Differences between the HIV-2 groups A and B
In the CT coding region, the SE (normalized by the natural log of the number of sequences) was similar between the HIV-2 groups A and B, except in the Kennedy-like region and at the beginning of the LLP-3 that was absent in sequences from group B. In the Kennedy-like region the mean SE was 50% higher in group A (Figure 5; region B group A and B Table 3), while the corresponding nucleotide sequence of the group A was more variable (region B group A and B, Table 4). This also means that the polypeptide expressed by the 2nd exon of tat was more conserved in group B. We also observed differences in the group B env N3, which were significantly more variable than the group A env N3 in the coding region of the hydrophobic region (region C group A and B, Table 4). However, this difference did not lead to differences in CT variability.

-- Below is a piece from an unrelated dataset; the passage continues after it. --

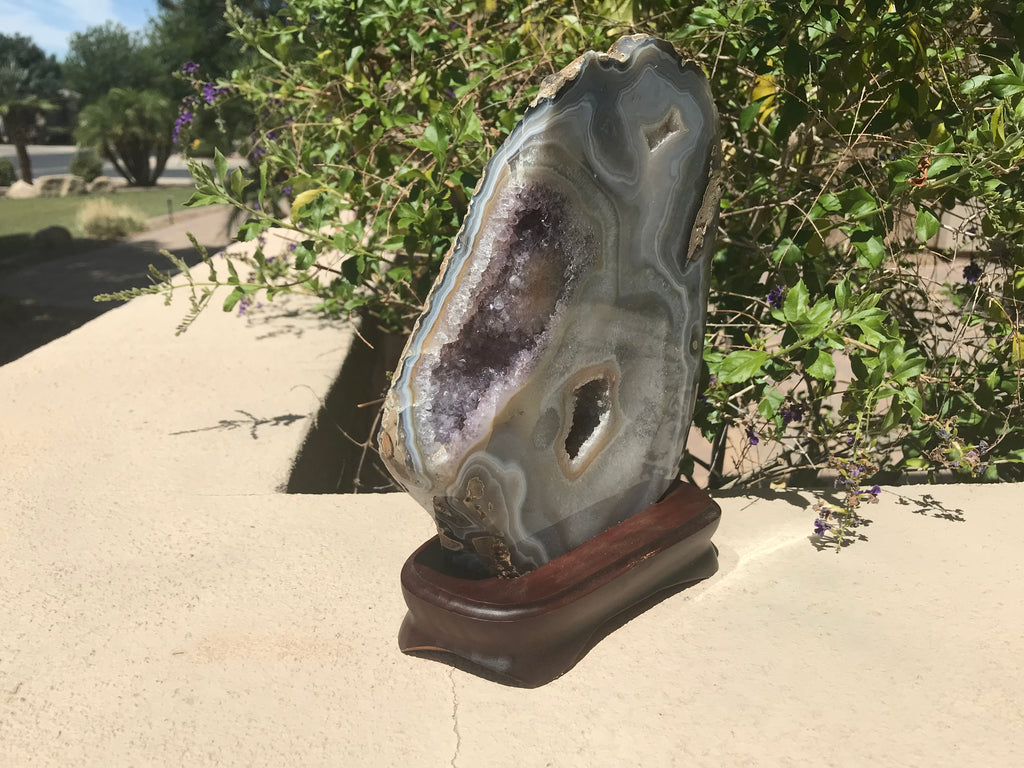 Elaborate Brazilian Agate with Amethyst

Finally, in most of the group A sequences the 2nd exon of rev was two times smaller than its counterparts in group B creating an overlap with nef. This additional overlap had no consequence in the nucleotide variability (Nef group A and B, Table 4).
Figure 5
Normalised SE plot of the CT by HIV-2 group.
19 sequences from group A and 8 from group B are included. By contrast to the Figure 2, the SE are normalized by the natural log of the number of sequences to remove the entropy factor due to the sequences number. The lines represent the moving average of 10 positions (blue: group A, red: group B). The colours and letters below the plot represent the different studied regions: A: The first conserved region containing the endocytosis signal, B: The region containing the Kennedy-like sequences, C: The hydrophobic region, D: LLP-2 region, E: LLP-3 region, F: LLP-3 / LLP-1 inter-region, G: LLP-1 region + position 166 for the stop codon.
Normalised SE plot of the CT by HIV-2 group.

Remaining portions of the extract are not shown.